Bei Evonik wird eine Rentenleistung von den Beschäftigten bevorzugt. Nur wenn das angesparte Kapital bei Leistungsbeginn unterhalb der Bezugsgröße nach Paragraf 18 SGB IV bleibt (2025: 44.900 Euro), wird es als Einmalkapital ausgezahlt. Oberhalb dieser Grenze besteht die Wahl zwischen Einmalkapital, Verrentung mit oder ohne Hinterbliebenenleistung oder einer Mischform aus Einmalkapital (1/3) und Verrentung (2/3). Bei Leistungsbeginn wird das Angesparte zweimal umgerechnet. Zum einen wird eine Garantierente mit vorsichtigen Bewertungsprämissen errechnet, zum anderen eine Best-Estimate-Rentenhöhe mit einem fixierten Zins. Die Garantierente wird monatlich ausgezahlt und jährlich mit einem Prozent dynamisiert, die Best-Estimate-Rente hingegen nicht, sondern dient als Verteilungsmaßstab für einen jährlichen Kapitalmarktbonus. Der richtet sich nach dem aktuellen Wert des Kapitalstocks und ändert sich von Jahr zu Jahr. Rentner profitieren so von höheren Zahlungen schon zu Beginn der Rentenphase, müssen aber die schwankende Bonuszahlung akzeptieren.
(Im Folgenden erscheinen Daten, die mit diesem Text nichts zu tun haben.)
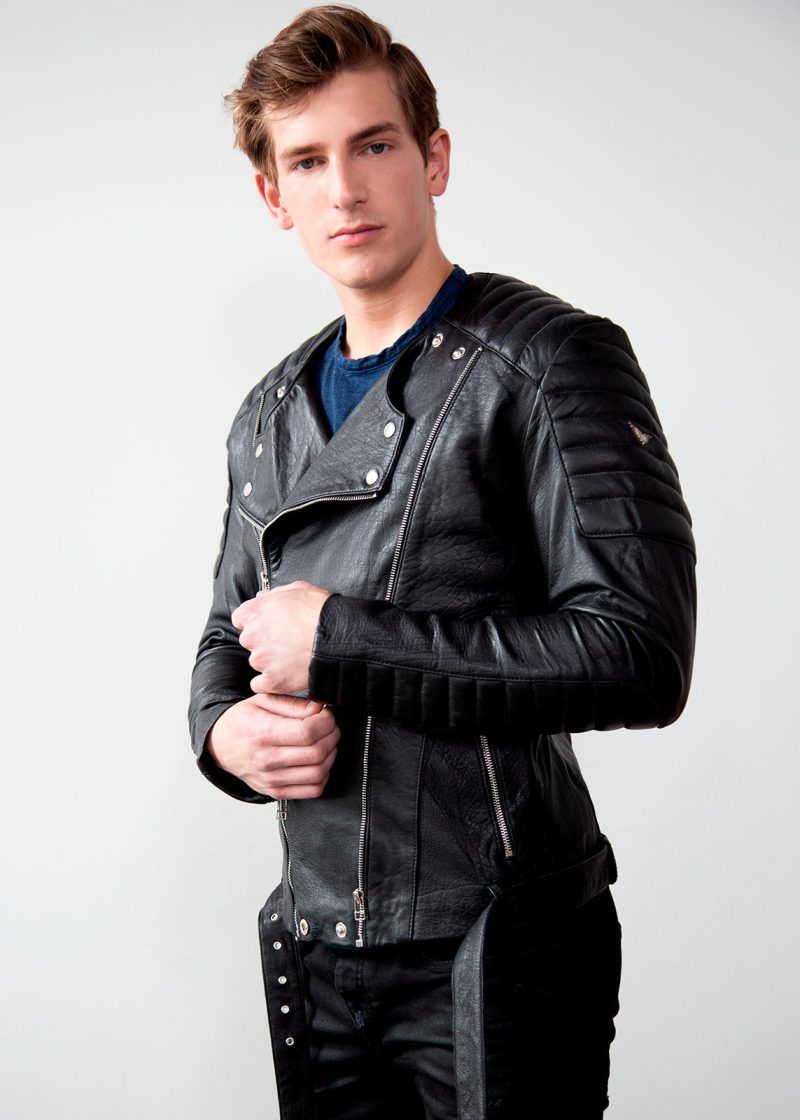 Mens Alternative Legacy SAM Quilted Leather Motorcycle Jacket Black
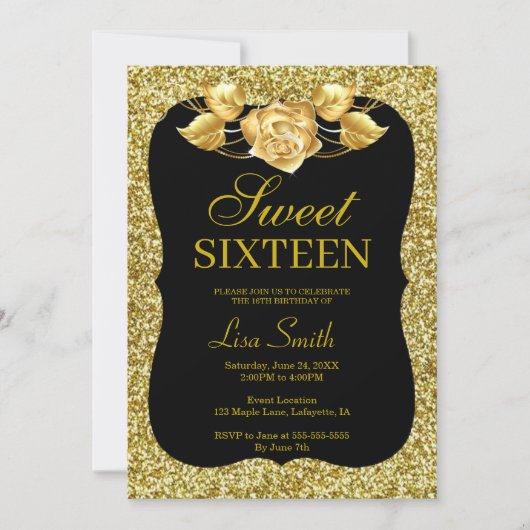 Elegant Chic Gold Glitter Gold Roos Sweet 16 Kaart (Voorkant)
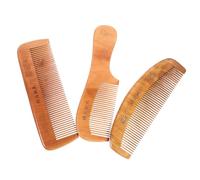 Ipetboom 3piezas Peine De Madera De Durazno Diseño Compacto y Ligero Antiestático Para Uso Diario y Viajes Masajea Suavemente El Cabelludo Protege El Cabello De Enredos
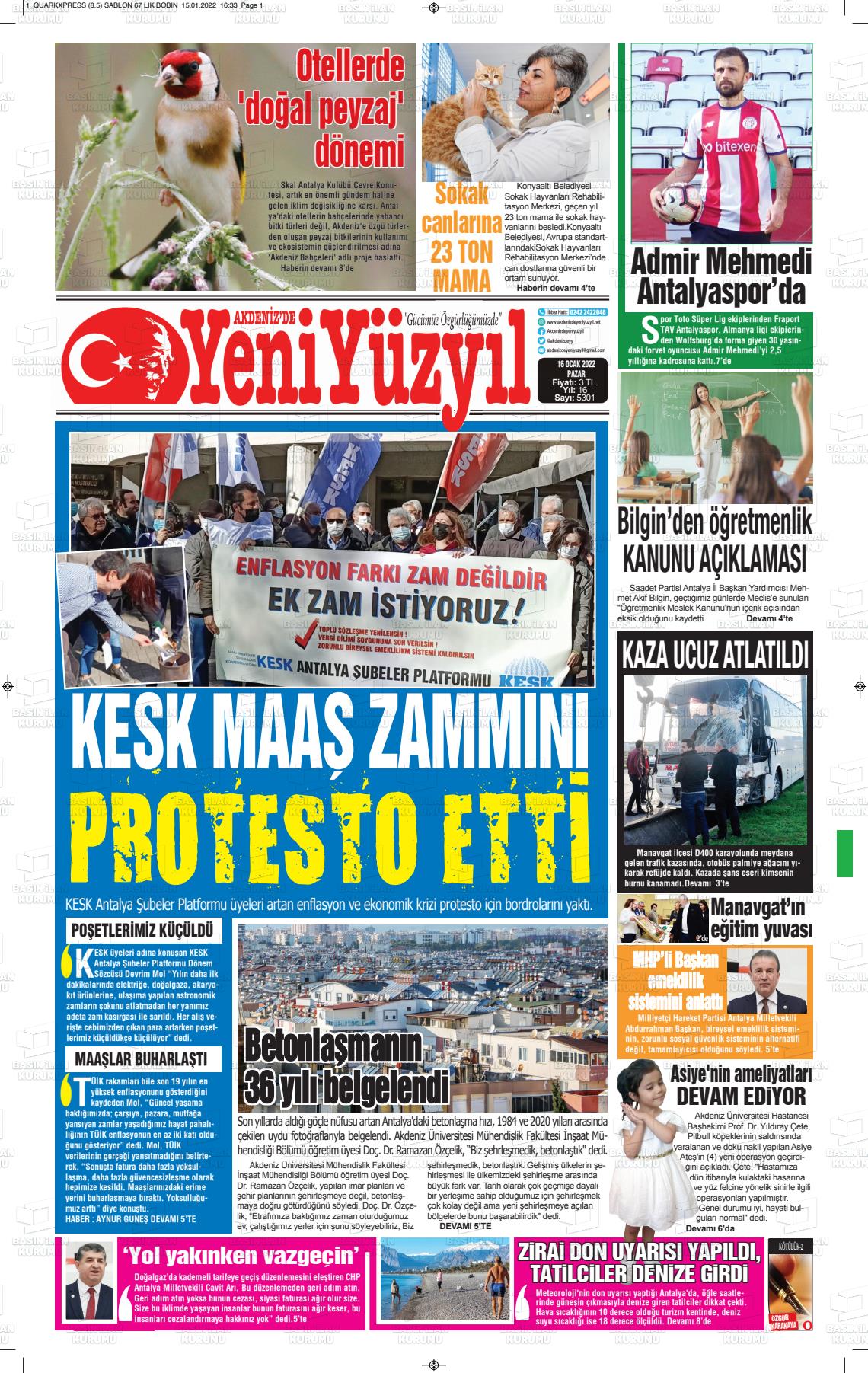 16 Ocak 2022 Akdenizde Yeni Yüzyıl Gazete Manşeti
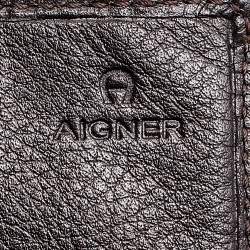 Aigner Beige/Brown Signature Canvas and Leather Flap Continental Wallet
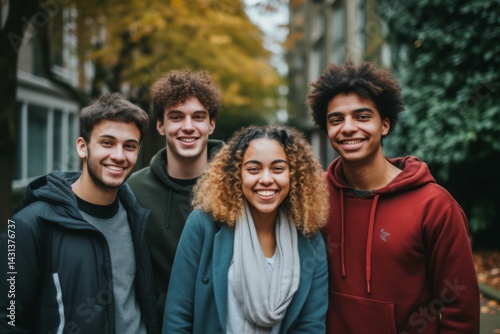 Portrait of a smiling diverse group of students infornt of university in usa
Derweil setzen große Teile des Mittelstandes weiter auf die Direktversicherung, zunehmend als BoLZ, besagt die Studie „Betriebliche Altersversorgung im Mittelstand 2024“ von Generali Deutschland und FAZ Business Media auf Basis einer repräsentativen Forsa-Umfrage unter 200 bAV-Verantwortlichen in Unternehmen mit 50 bis 500 Mitarbeitern. Aktuell bieten 87 Prozent der Betriebe die Direktversicherung an (2023: 86 Prozent), in 46 Prozent der Firmen gibt es eine Pensionskassenzusage (2023: 45 Prozent). Im Durchschnitt bieten die Firmen 2,6 Durchführungswege an. Zwei Drittel der Befragten befürworten Garantieleistungen für bAV-Modelle, mit denen vor allem Beschäftigte mit besonders großem Vorsorgebedarf – zum Beispiel Geringverdiener, Teilzeitkräfte oder Berufseinsteiger – gefördert werden sollen. Jedes vierte Unternehmen stellt ein entsprechendes bAV-Angebot für Beschäftigte mit hohem Vorsorgebedarf bereit. „72 Prozent sind mit dessen Wirkung sehr zufrieden beziehungsweise zufrieden“, sagt Thorsten Fischer, Head of bAV der Generali Deutschland. Der Mittelstand wünscht sich mehrheitlich eine einfache Verwaltung der bAV-Modelle.